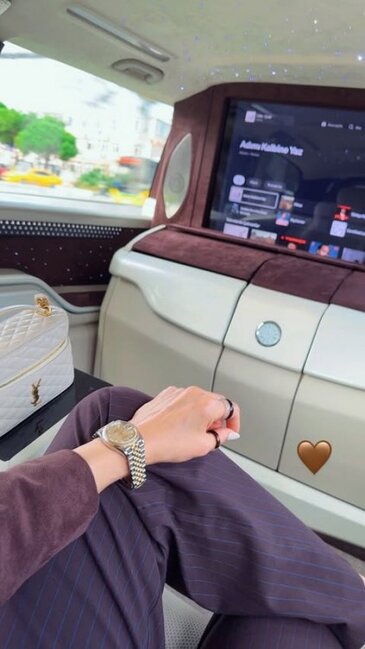 Vüsalənin 30 min manatlıq saatı - Foto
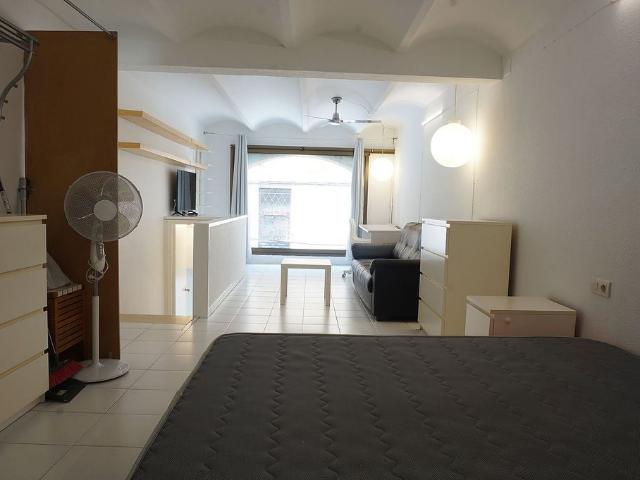 Local Comercial en venta en Gràcia, Barcelonès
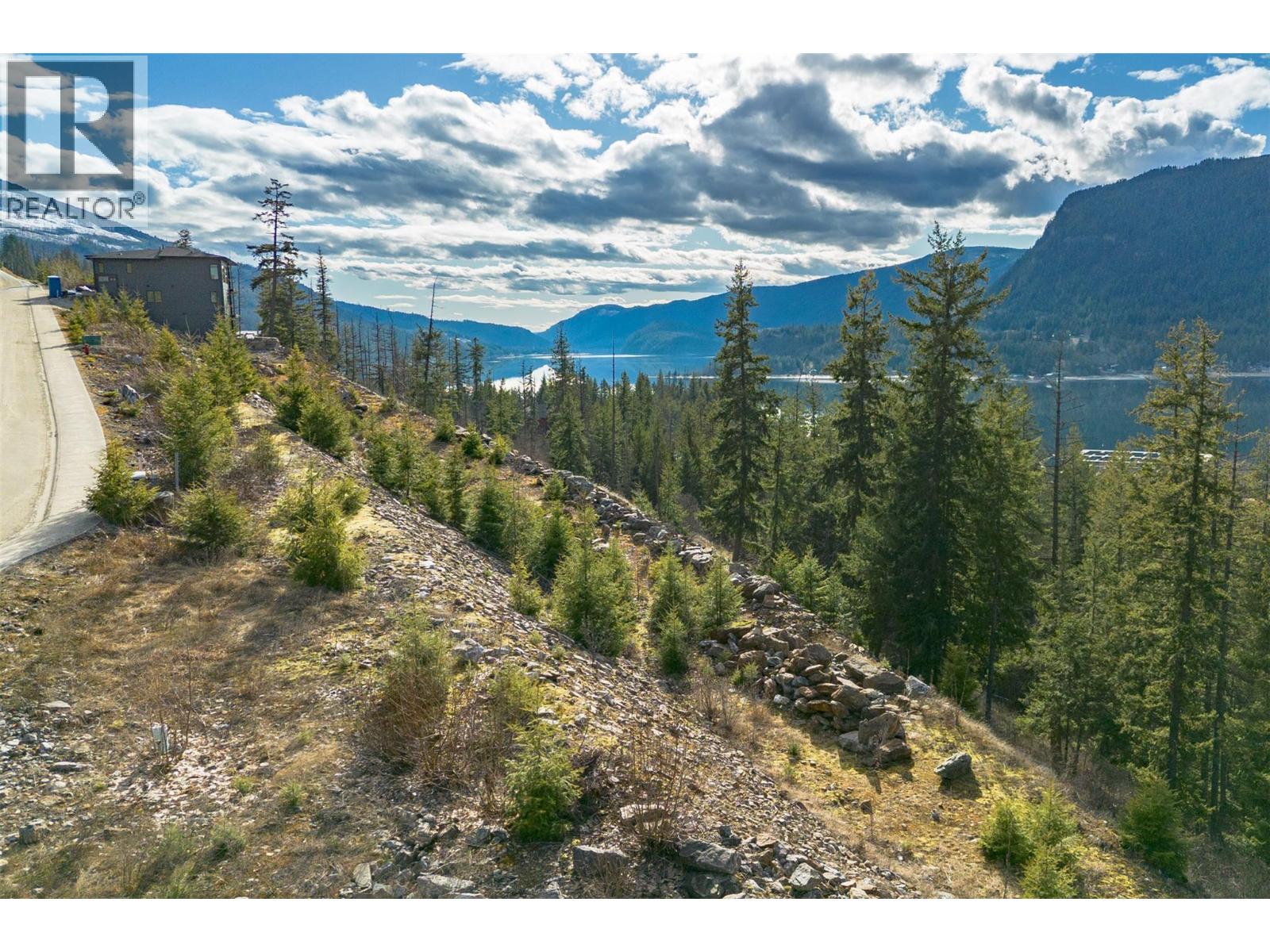 270 Bayview Drive, Sicamous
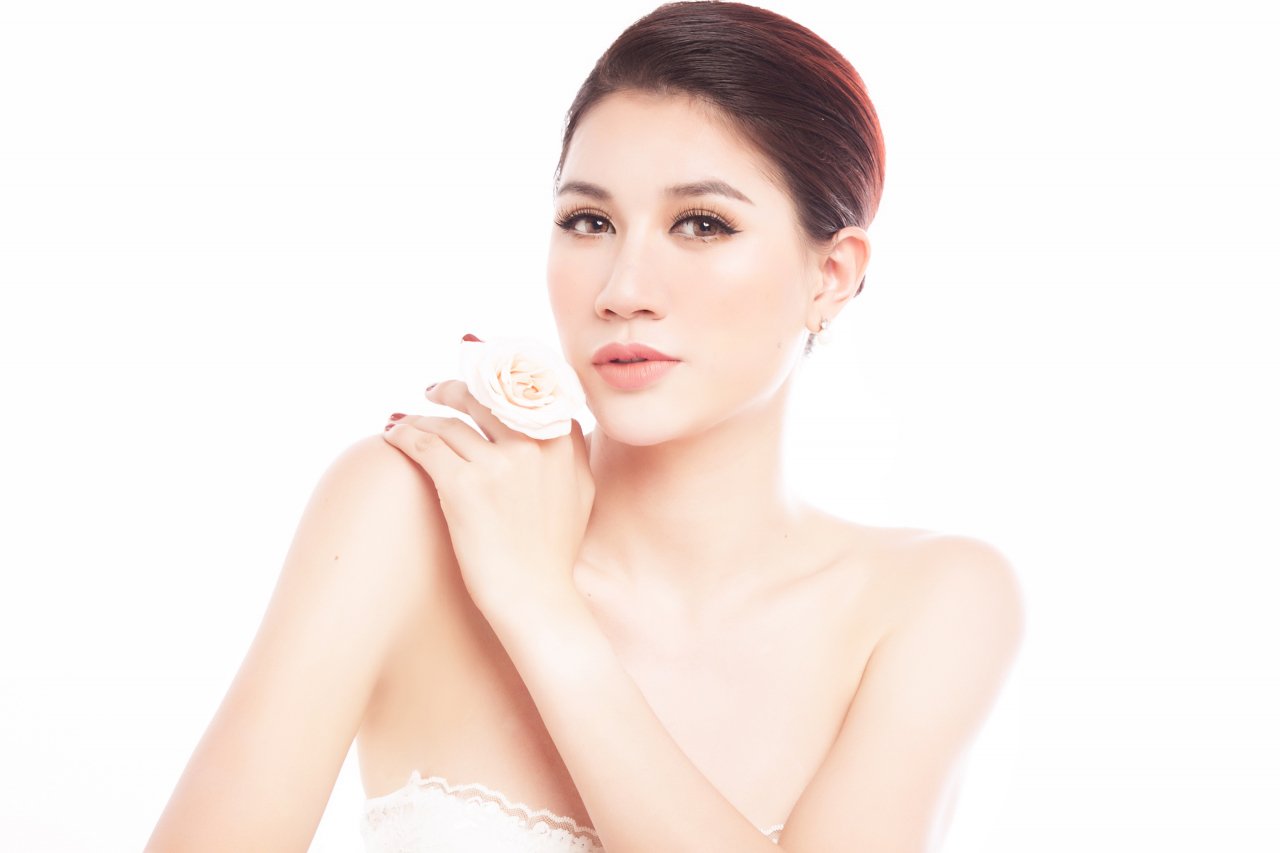 hhen-nie-bi-che-bai-nhan-sac-trang-tran-benh-vuc-trong-cac-hoa-hau-khoang-10-nam-tro-lai-chi-thich-hhen-nie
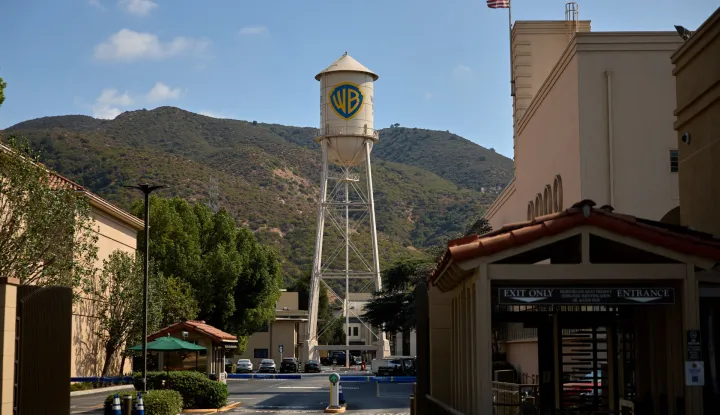 epa12370289 The Warner Bros. Studios water tower in Burbank, California, 11 September 2025. Paramount Skydance is preparing a bid for Warner Brothers Discovery, which owns HBO, CNN, and the Warner Bros. movie studio, according to people with knowledge of the plans. A merger of the two would unite two of the biggest movie studios and two of the most influential news networks, CBS News and CNN. EPA/ALLISON DINNER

──────

Aim of the task: Take the lines from the one containing "270 Bayview Drive, Sicamous" through the final line of the listing above and print them exactly, including both ends but no pictures.

Response area:
 270 Bayview Drive, Sicamous
 hhen-nie-bi-che-bai-nhan-sac-trang-tran-benh-vuc-trong-cac-hoa-hau-khoang-10-nam-tro-lai-chi-thich-hhen-nie
 epa12370289 The Warner Bros. Studios water tower in Burbank, California, 11 September 2025. Paramount Skydance is preparing a bid for Warner Brothers Discovery, which owns HBO, CNN, and the Warner Bros. movie studio, according to people with knowledge of the plans. A merger of the two would unite two of the biggest movie studios and two of the most influential news networks, CBS News and CNN. EPA/ALLISON DINNER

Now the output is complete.